The customer_segmentation- from jayquantrise20

Create a Customer Segmentation Report for Arvato Financial Services

1.Project Description

In this project, we analyzed demographics data for customers of a mail-order sales company in Germany, comparing it against demographics information for the general population. We used unsupervised learning techniques to perform customer segmentation, identifying the parts of the population that best describe the core customer base of the company. Then, I applied what I had learned on a third dataset with demographics information for targets of a marketing campaign for the company, and used a model to predict which individuals are most likely to convert into becoming customers for the company. The data that we used has been provided by Bertelsmann Arvato Analytics on behalf of Udacity, and represents a real-life data science task.

The project is explained in more details in my blogpost with link here and you can take a look.

2.Project Contents:

Get to know the Data
Customer Segmentation Report(Unspervised learning model)
Supervised Learning Model
Evaluation of Results

3. Project Requirements:

Python 3.6 and above
sickit-learn libraries
Numpy
Pandas
Matplotlib and seaborn

As the data is quite large, you need to have at least 4Gb RAM to successfully build the project.

Results of prediction and score on Kaggle competion:

Applying the XGBoost on the train and test data and doing tuning on hyperparameters The prediction results are improved significantly from 0.74 to 0.8 and the rank on the competion page of Kaggle is 118. the best score on the competion is 0.88. So there is still room for improvement.

Get to know the Data

In this section we tried to get infomoration of the data as much as possible. we tried to analyse and visualize the data,then clean and scale it for modeling. This section is performed with following steps:

Analyse the Data
Clean
Scale

Analyze Raw data:

There are four data files associated with this project:

Udacity_AZDIAS_052018.csv: Demographics data for the general population of Germany; 891 211 persons (rows) x 366 features (columns). Udacity_CUSTOMERS_052018.csv: Demographics data for customers of a mail-order company; 191 652 persons (rows) x 369 features (columns). Udacity_MAILOUT_052018_TRAIN.csv: Demographics data for individuals who were targets of a marketing campaign; 42 982 persons (rows) x 367 (columns). Udacity_MAILOUT_052018_TEST.csv: Demographics data for individuals who were targets of a marketing campaign; 42 833 persons (rows) x 366 (columns).

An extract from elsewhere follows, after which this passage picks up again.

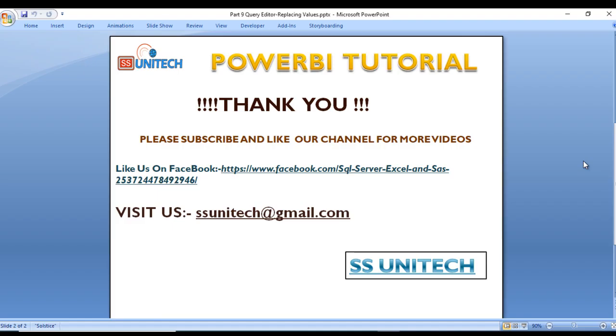I hope you have understood how we can replace the values, and second, we have also understood how we can change the data type of any column. Thank you so much for watching this video. If you like this video, please subscribe to my channel to get many more videos. Don't forget to press the bell icon to get notifications of our newly uploaded videos. Thank you so much.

Each row of the demographics files represents a single person, but also includes information outside of individuals, including information about their household, building, and neighborhood. Use the information from the first two files to figure out how customers ("CUSTOMERS") are similar to or differ from the general population at large ("AZDIAS"), then use your analysis to make predictions on the other two files ("MAILOUT"), predicting which recipients are most likely to become a customer for the mail-order company.

The "CUSTOMERS" file contains three extra columns ('CUSTOMER_GROUP', 'ONLINE_PURCHASE', and 'PRODUCT_GROUP'), which provide broad information about the customers depicted in the file. The original "MAILOUT" file included one additional column, "RESPONSE", which indicated whether or not each recipient became a customer of the company. For the "TRAIN" subset, this column has been retained, but in the "TEST" subset it has been removed; it is against that withheld column that your final predictions will be assessed in the Kaggle competition.

Otherwise, all of the remaining columns are the same between the three data files. For more information about the columns depicted in the files, you can refer to two Excel spreadsheets provided in the workspace. [One of them](./DIAS Information Levels - Attributes 2017.xlsx) is a top-level list of attributes and descriptions, organized by informational category. [The other](./DIAS Attributes - Values 2017.xlsx) is a detailed mapping of data values for each feature in alphabetical order.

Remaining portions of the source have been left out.